Context: General assistance needed.
Instructions:
- Provide helpful, relevant suggestions
- Consider the user's current activity
- Offer actionable next steps
- Be proactive but not intrusive
"""
Note the additional prompt functions: optimize_prompt_length, build_creative_prompt, build_question_prompt, build_reminderr_prompt, build_screen_content_prompt.
The brain/router.py determines when to respond to what it hears and sees.

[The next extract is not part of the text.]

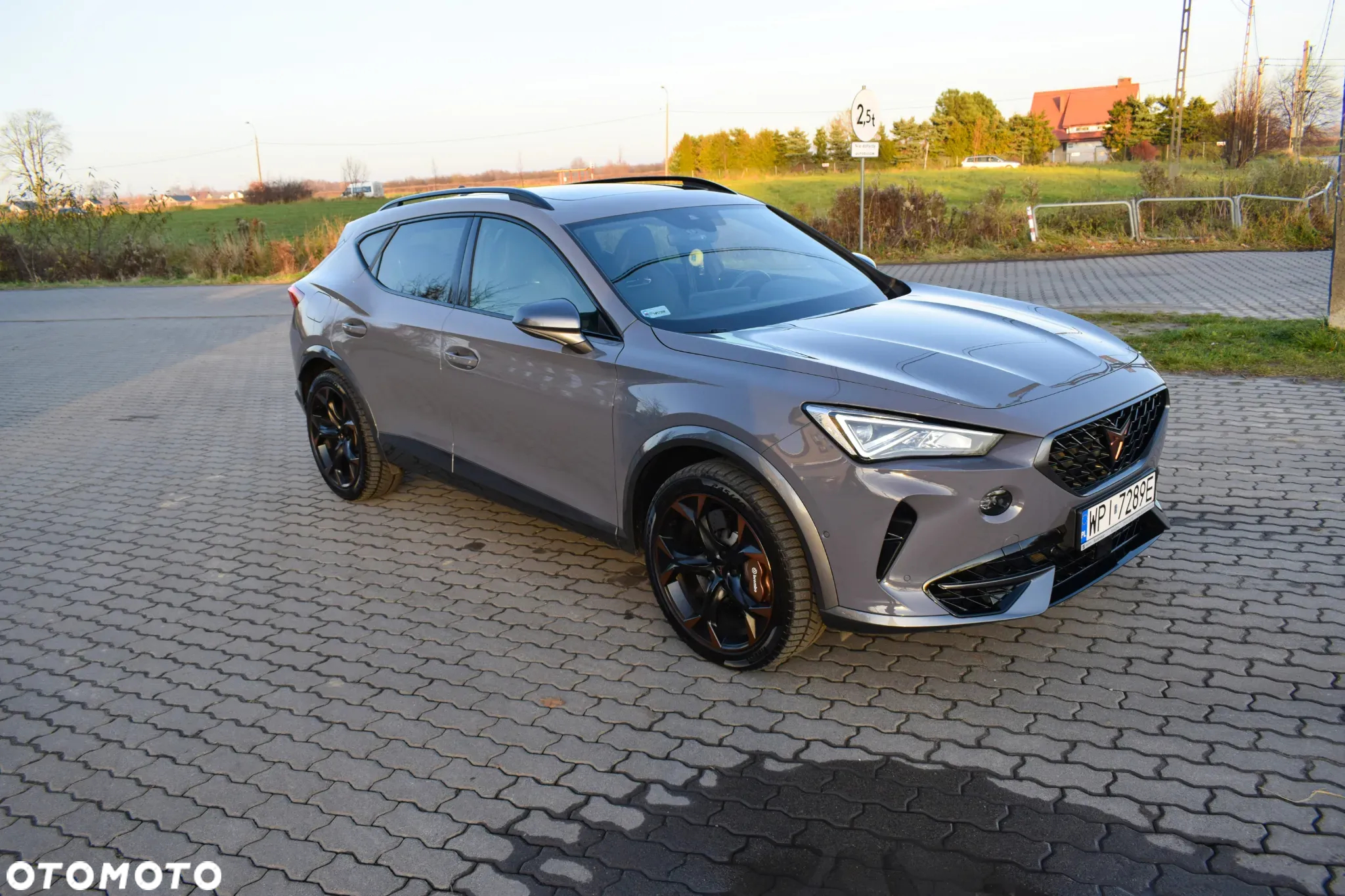 Cupra Formentor - 9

should_respond, get_response_priority, should_interrupt_current_task if there are interrupt_phrases like stop, cancel, never mind, forget it, wati, hold on, actually,
question_keywords = [
“what”, “how”, “why”, “when”, “where”, “who”, “which”,
“explain”, “tell me”, “describe”, “show me”, “help me understand”,
“what’s”, “what is”, “what are”, “what does”, “what do”,
“how does”, “how do”, “how can”, “how should”,
“can you explain”, “can you tell me”, “can you show me”,
“what’s this”, “what’s that”, “what are these”, “what are those”,
“tell me about”, “explain this”, “explain that”,
“what is this”, “what is that”, “what are these”,
“help me with”, “help me understand”
]
Both Cursor (an AI-powered code editor) and cluely4Free use similar high-level concepts:
- Context-Awareness: Both need to understand what’s on screen to provide relevant assistance
- LLM Integration: Both use large language models to generate responses
- UI Integration: Both display AI responses within the user’s workflow
Key Differences
However, there are significant differences in implementation and focus:
- Purpose:
- cluely4Free is a general desktop assistant with audio/visual capabilities
- Cursor is specifically focused on coding assistance and editor integration
- Integration Depth:
- cluely4Free uses screen capture and OCR, which is more generic but less precise
- Cursor likely has deeper integration with code structure through direct editor access
- Both Cursor and Windsurf tools would have more sophisticated code understanding
- Architecture:
- cluely4Free uses a relatively simple architecture with screen capture and audio recording
- Professional tools like Cursor would likely use more robust and optimized implementations
- They would have more sophisticated versioning, caching, and error handling
- Performance Optimization:
- Commercial products like Cursor have likely invested significantly in performance optimization
- The screen capture approach in cluely4Free is more resource-intensive than direct code parsing
Cluely4free provides a simple but functional UI system, Popup Windows
- These appear when the system generates a response to your voice commands
- The UI primarily consists of popup notifications that display responses
- Auto-dismiss Behavior
- Popups can auto-dismiss after a configurable time period
- Default is 10 seconds, configurable in
cluely_config.json - High priority responses don’t auto-dismiss (require manual interaction)
- Terminal Interface
- Simple logging and status messages in the terminal
- Shows initialization progress and runtime status
- Displays performance metrics when the app is stopped
The UI appears to be non-intrusive by design, meant to provide helpful information without disrupting your workflow. It doesn’t have a persistent window or complex controls – it’s mainly popup-based responses triggered by voice commands, displaying the LLM-generated content.